IMIGRANTES
Por Romano Dazzi | 05/10/2009 | CrônicasIMIGRANTES
de Romano Dazzi
Somos italianos; italianos do século 19.
Por todo este agitado século de oitocentos, estivemos aportando aqui, vindos de todas as partes da Itália: do Veneto, da Calabria, da Umbria, dos Abruzos, da Sicília.
Somos pobres, na maior parte iletrados, mas temos saúde e uma vontade de ferro.
Fomos forjados nas tantas guerras que a Itália faz, contra tudo e todos, para se libertar de austríacos, de espanhóis, de franceses...até do papa...
Muitos de nós são ainda garotos; procuram apenas um trabalho honrado, que Ihes é negado onde nasceram. Outros, - a maior parte na verdade - deixaram mulher e filhos, para vir ao novo mundo.
O novo mundo!
Um mundo com menos injustiças e miséria, um mundo onde não falta trabalho para quem o quer. Que maravilhoso Eldorado !
Muitos são despreparados, nada sabem, e foram iludidos pelas fábulas, que correm pelas ruelas das "contrade", na Itália toda. Só têm algumas ferramentas primitivas, mas uma vontade imensa e poderosa de recomeçar a vida, de fazer "tutto daccapo"
Na verdade a Itália, recém formada, não tem fôlego para sustentar todos os seus filhos e assim ajuda tacitamente a empurrá-Ios pelo mundo, onde quer que alguém os receba. E assim será por muitos anos ainda, por quase um século.

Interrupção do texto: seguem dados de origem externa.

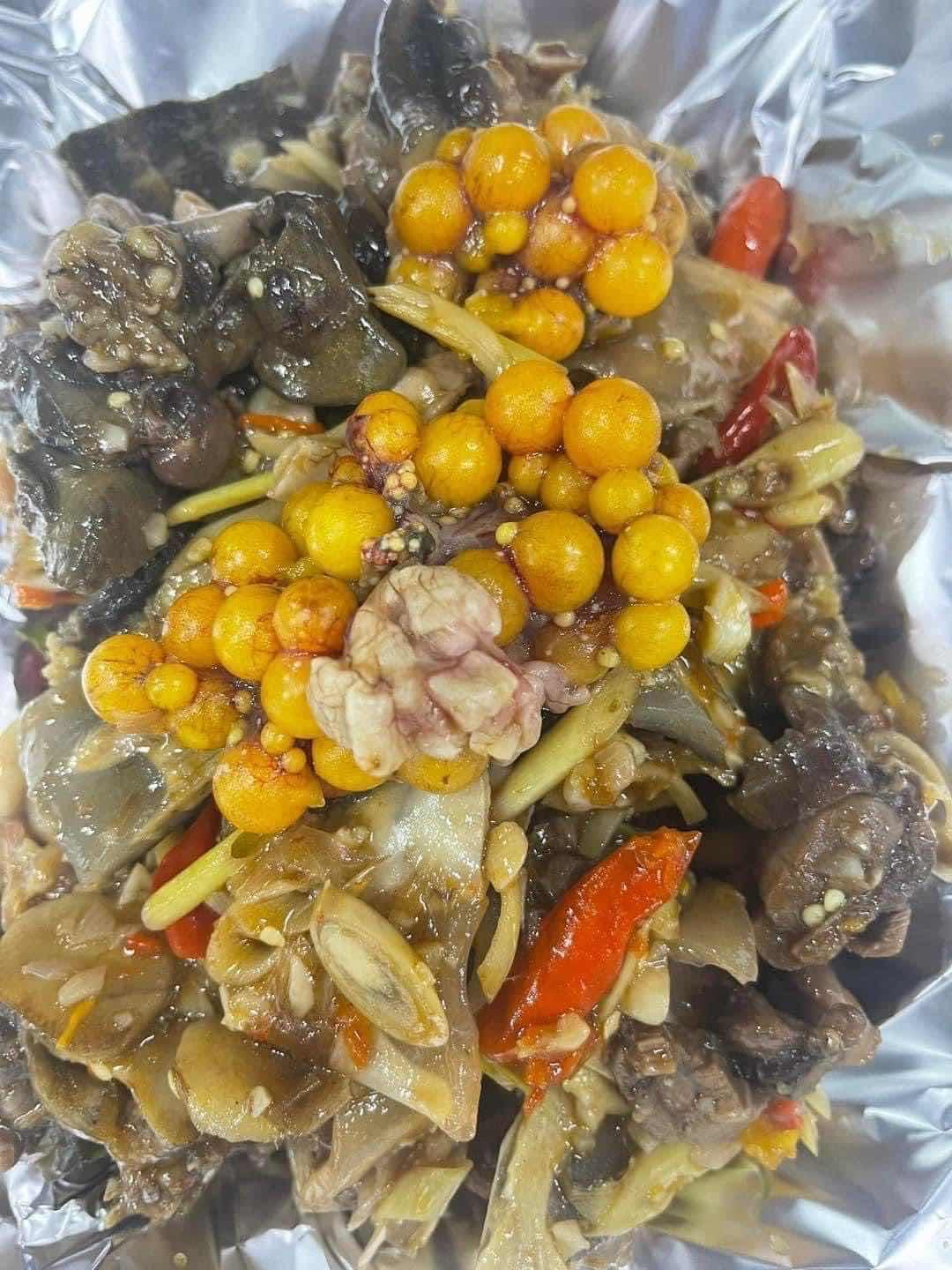 កន្ធាយដុតទឹកប្រហុក ខ្នាត 1kg មានពង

Estados Unidos, Argentina, Chile, Brasil, Canadá: estamos indo para qualquer lugar onde haja terra para desbravar, e arar e semear, onde haja a promessa daquelas colheitas fartas e generosas, que só a mão de Deus pode nos conceder; onde haja espaços e liberdade para todos, republicanos, anarquistas, socialistas, libertários, porque todos sonhamos com um mundo mais justo, capaz de dar-nos, a nós e aos nossos filhos, o pão que merecemos.
Para nós, que estamos chegando ao Brasil, a viagem foi mais longa, miserável para todos, trágica para muitos, em camarotes lotados, fétidos e escuros. Chegamos famintos, doentes, tristes.
Mas "Café" é uma palavra mágica. Sabemos que é a mola que nos dará trabalho a vontade - e salários suficientes para trazermos as famílias.
Café significa São Paulo. Do Vale do Paraiba à Mogiana, da Paulista à Sorocabana, vamos em frente, cada vez mais longe, entrando pelo mato adentro, desbravando e plantando, e colhendo e recomeçando.
A cidade de São Paulo está crescendo, explodindo, e exige mais e mais mão de obra para novas fábricas, para depósitos e armazéns e estações e pátios.
Assim, de repente uma grande parte de nós que éramos apenas pastores e agricultores, transforma-se em pedreiro, carpinteiro, encanador, mestre de obras.
Somos uma força imensa, firme, ousada, criadora; Somos nós que estamos criando novos bairros inteiros, casa por casa, pelo planalto todo; construímos a Mooca, o Brás, o Bom Retiro, o Belém, a Vila Romana, o Bexiga; nossos símbolos começam a surgir por toda a parte; são os Matarazzo, os Crespi, os Pignatari, os Martinelli, com seus prédios, suas fábricas, sua vontade, sua honra e inteligência.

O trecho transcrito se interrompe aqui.